**Task to carry out**
Reproduce, exactly and in full, only the lines below from the one containing "När du markerar" through the one containing "Les Jours Obscurs".

**Source data**
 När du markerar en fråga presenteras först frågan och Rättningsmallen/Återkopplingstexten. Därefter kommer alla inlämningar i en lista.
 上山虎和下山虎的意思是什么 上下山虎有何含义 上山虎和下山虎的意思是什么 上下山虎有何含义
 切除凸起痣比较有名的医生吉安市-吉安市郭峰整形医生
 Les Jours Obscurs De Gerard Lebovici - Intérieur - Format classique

--

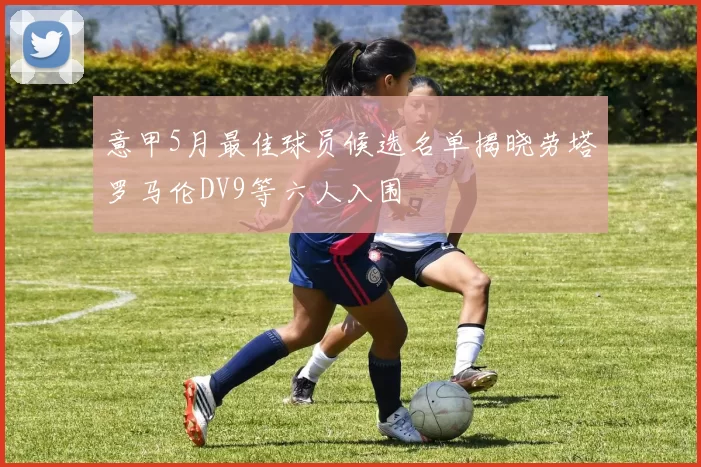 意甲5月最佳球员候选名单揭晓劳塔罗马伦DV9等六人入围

**Answer to this problem**
 När du markerar en fråga presenteras först frågan och Rättningsmallen/Återkopplingstexten. Därefter kommer alla inlämningar i en lista.
 上山虎和下山虎的意思是什么 上下山虎有何含义 上山虎和下山虎的意思是什么 上下山虎有何含义
 切除凸起痣比较有名的医生吉安市-吉安市郭峰整形医生
 Les Jours Obscurs De Gerard Lebovici - Intérieur - Format classique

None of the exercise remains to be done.